- Theatrical release poster
- Directed by: Bathula Satish
- Produced by: Sai Simhadri
- Starring: Sai Simhadri Vinod Kumar Meera Raj
- Cinematography: VRK Naidu
- Edited by: Amarnath
- Music by: Rishi M
- Production company: Sai Simhadri Sainma banner
- Release date: 27 February 2026;
- Country: India
- Language: Telugu

= Son Of =

Indian Telugu-language family drama film

Son Of is a 2026 Indian Telugu-language family drama film directed by Bathula Satish and produced by Sai Simhadri under the Sai Simhadri Sainma banner. The film features veteran actor Vinod Kumar alongside debutants Sai Simhadri and Meera Raj in the lead roles. The story primarily focuses on the emotional relationship and ideological conflicts between a father and his son. The film was released theatrically on 27 February 2026.

== Plot ==
Venkat Rao is a single father who raises his son, Anand, with immense affection after his wife's early demise. Despite his father's love, Anand grows up to be an irresponsible youth who frequently fails his studies and fails to meet his father's expectations. Anand is deeply in love with his childhood friend, Anu, and both families eventually agree to their marriage.

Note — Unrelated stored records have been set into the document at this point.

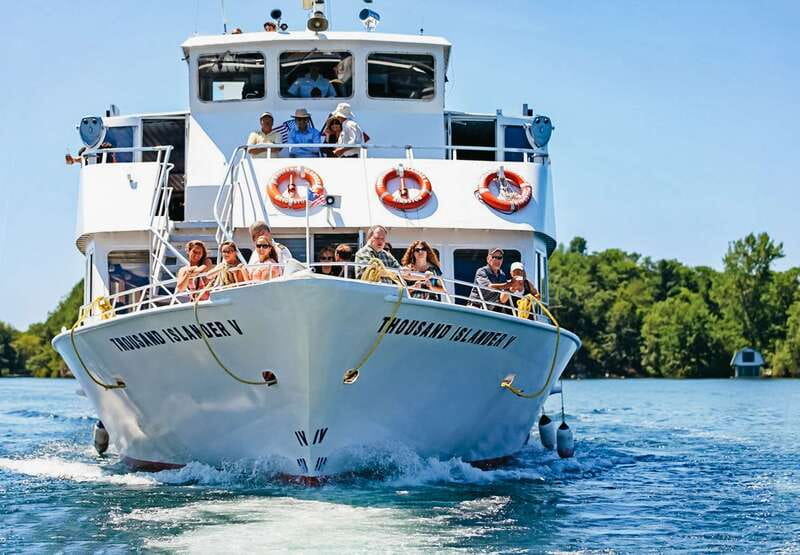 Gananoque: 1000 Islands Cruise & Optional Boldt Castle Entry - The 3-Hour Deep Dive into the Islands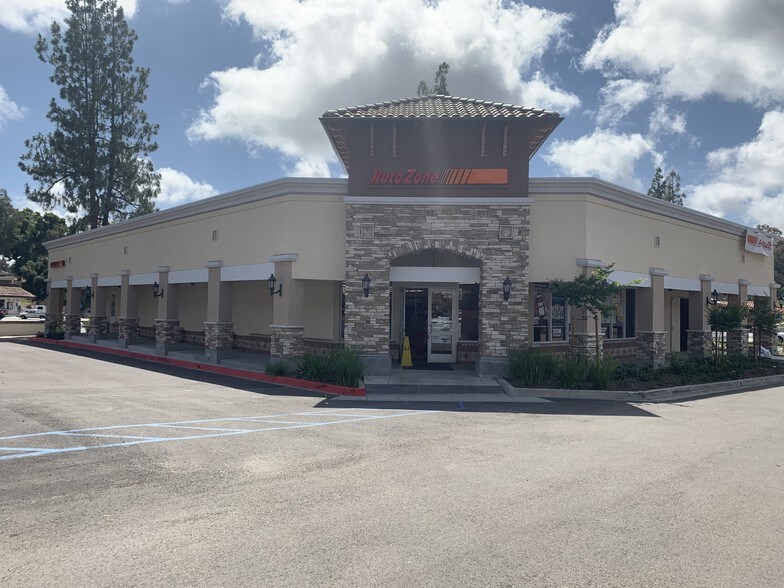 22900-22924 Los Alisos Blvd, Mission Viejo, CA à louer - Photo de l’immeuble – Image 3 sur 16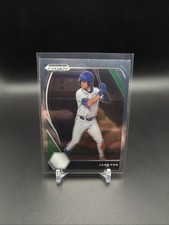 #PDP95 2021 Panini Prizm Draft Picks Jake Fox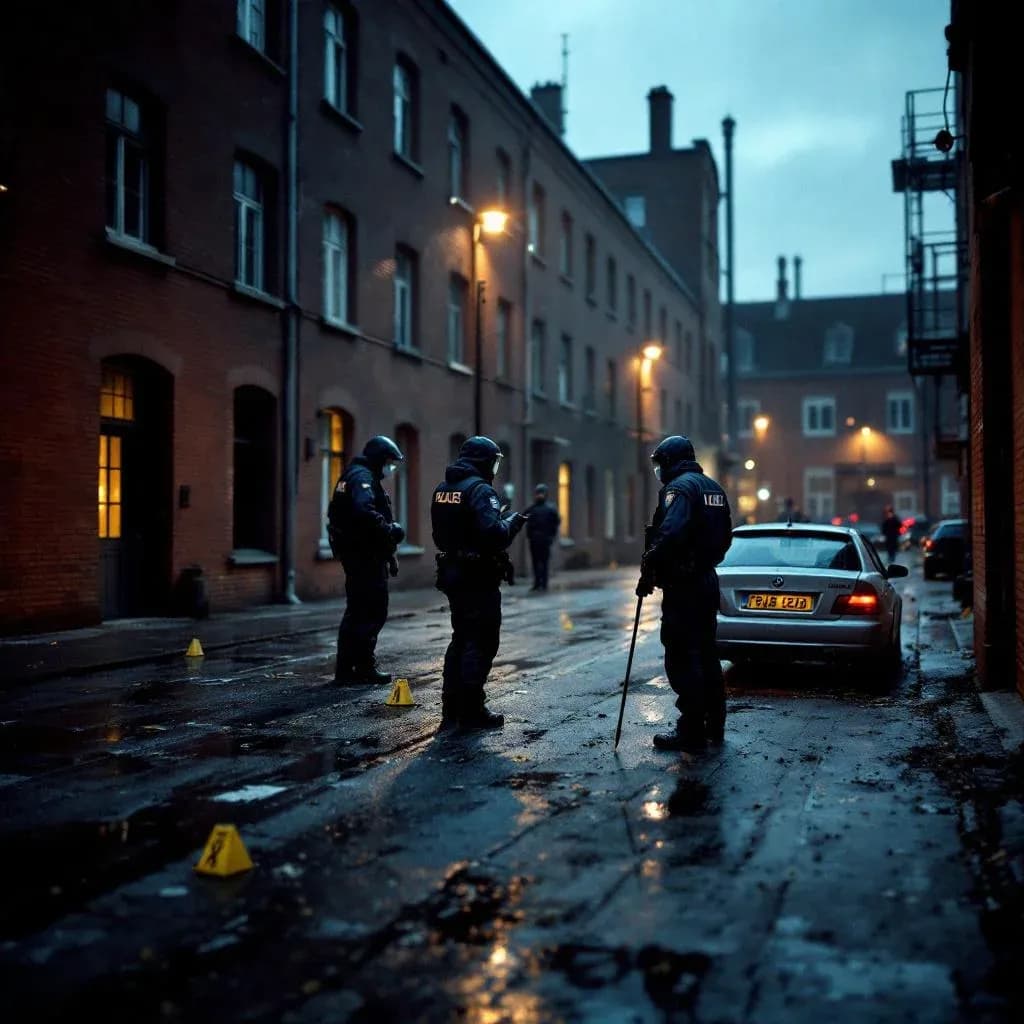 Duisburg-Massaker 2007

However, a major conflict erupts during the couple's engagement ceremony. Venkat Rao abruptly stops the proceedings, publicly humiliating Anand for being jobless and wandering aimlessly, questioning how such an irresponsible man could possibly support a wife. Deeply insulted and enraged by his father's public outburst, Anand takes a drastic step and files a court case against his own father, demanding his rightful inheritance of the family house and property.

In response to the lawsuit, Venkat Rao places a strict condition on Anand before handing over the assets. The remainder of the story follows the courtroom drama and Anand's subsequent journey. Through his struggles to raise a child and meet his father's condition, Anand learns about the true value of life, the heavy responsibilities of parenthood, and the sacrifices a father makes, leading to an emotional and shocking climax.

== Cast ==

- Vinod Kumar as Venkat Rao, Anand's father
- Sai Simhadri as Anand
  - Aakash Srinivas as young Anand
- Meera Raj as Anu
  - Akshara Nalla as young Anu
- Aamani as Anand’s mother
- Vasu Inturi as Anand’s uncle
- Surya as Anu’s father
- Chitram Srinu as Venkatrao’s friend
- Srinivas Vadlamani as Judge
- Lokesh Kumar Parimi as Anand’s friend

== Production ==
Son Of marks the acting and production debut of Sai Simhadri, who bankrolled the project under his home banner, Sai Simhadri Sainma. The film was directed by Bathula Satish, who crafted a script aimed at delivering a strong social message to today's youth about taking up life's responsibilities.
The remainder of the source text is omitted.